Coping with Body Image Triggers
For those with struggling with body image, triggers may feel as though they cannot be escaped or ignored—triggers appear, unasked and unannounced—often causing individuals to shift into a more reactive state of mind.
Triggers are a stimulus, igniting an uncomfortable, intense emotion that affects ones ability to remain present in the moment. When an individual is triggered fighting the urge to react can be extremely difficult, because in that moment, engaging with that thought and/or behavior may appear to be the only distraction from that uncomfortable emotion.
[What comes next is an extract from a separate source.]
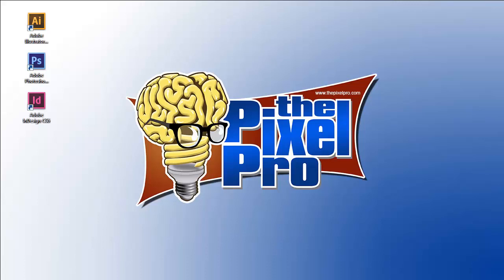Greetings and salutations everybody. This is Kirk Nelson with the Pixel Pro. In this video I'm going to show you how to use a suite of Adobe products to create a cool 3D rendered pie chart to use in an infographic.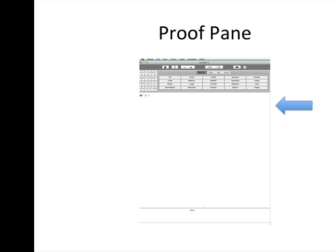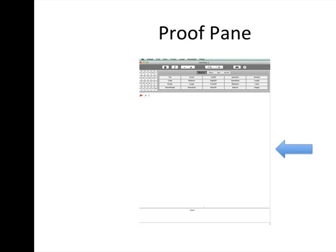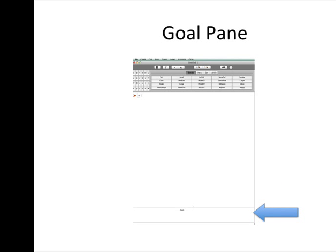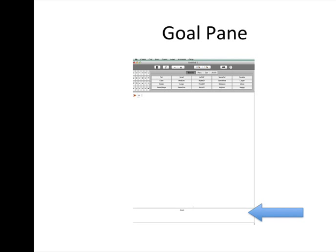First thing you need to notice is the proof pane which is highlighted by an arrow. This proof pane is the area where you will either construct and complete proofs or simply complete proofs for arguments that are given to you. You will also see a goal section which is highlighted by this expanding arrow and this is the area where the conclusion of an argument appears.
Individuals on the journey to positive body image learn that the comfort from triggers is merely fleeting and damaging. They will discover that there are ways to break the “triggered-to-engaging behavior” response. The first step to coping with triggers is leaning inwards and learning the triggers specific to you. With that understanding and knowledge you can practice ways to manage the urge that often follows.
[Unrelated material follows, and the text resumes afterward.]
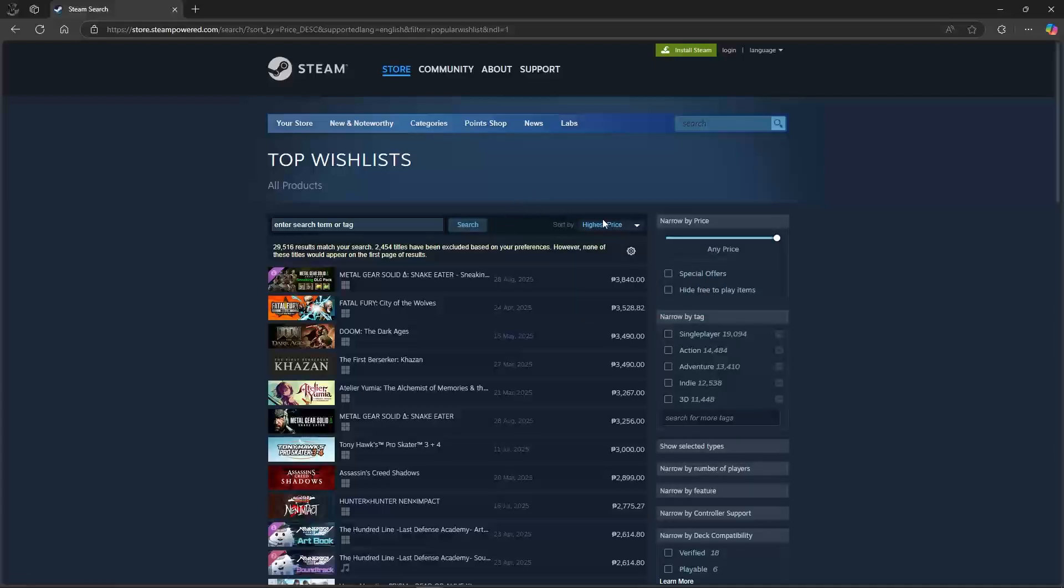That's about it, that's how to see most wish-listed games on Steam. If you have any questions, please let me know down in the comments and I'll do my best to help you out.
Strategies to Coping With Triggers
Triggers will inevitably be a part of the journey to building a positive body image. Even though the the urge to engage in certain behaviors may feel automatic and out of control, for those in the fight, never forget that you have power within you to manage these urges. To fight back.
Consider the two following steps to help you control the response you may have when triggers arise.
1. Identify Your Triggers.
Awareness is the key to identifying people, events or situations that may trigger negative emotions. Once you are able to identify the particular triggers you now have the option to avoid it or prepare a way to manage it when you encounter it in the future.
One technique that may be used to identify the triggers is journaling the chain of events (social, environment etc.) that led to what may have been a disordered behavior. This tool is known as dialectical behavior therapy (DBT) and helps link events that led to the behavior giving insight to factors that my be specifically triggering you.
One way to journal is by keeping notes in your notes app on your phone or writing in a journal at home. Learning your triggers or events that lead up to them will take time and there may be some trial and error along the way.
Be patient with yourself. Be patient with those around you that may be struggling.
2. Interrupt the Connection & Choose an Alternative Behavior
Earlier we talked about the connection of “triggered-to-engaging-behavior” response. Once you are able to recognize when a trigger has occurred, now is the time to interrupt. The negative thoughts/behaviors that work to diminish our body image thrive in secrecy. Acknowledging “I am feeling trigger in this moment,” giving a voice is the first step to fighting back. Once you are able to recognize and acknowledge what you are experiencing, you can interrupt the connection.
Sometimes interrupting the connection will look like taking a step away from the triggering event and taking deep breaths, in and out, knowing that as overwhelming as it may appear, it will pass. Sometimes it may be reaching out to a loved one you trust and can process with. Other times it may look like pulling out the notes app on your phone and writing “I am feeling triggered right now, but I know this feeling will pass” over and over again until it does. Interrupting the connection is not easy and takes some practice, but you can do it.
Building a positive body image is is not a linear process, remember to be patient with yourself. You can do hard things.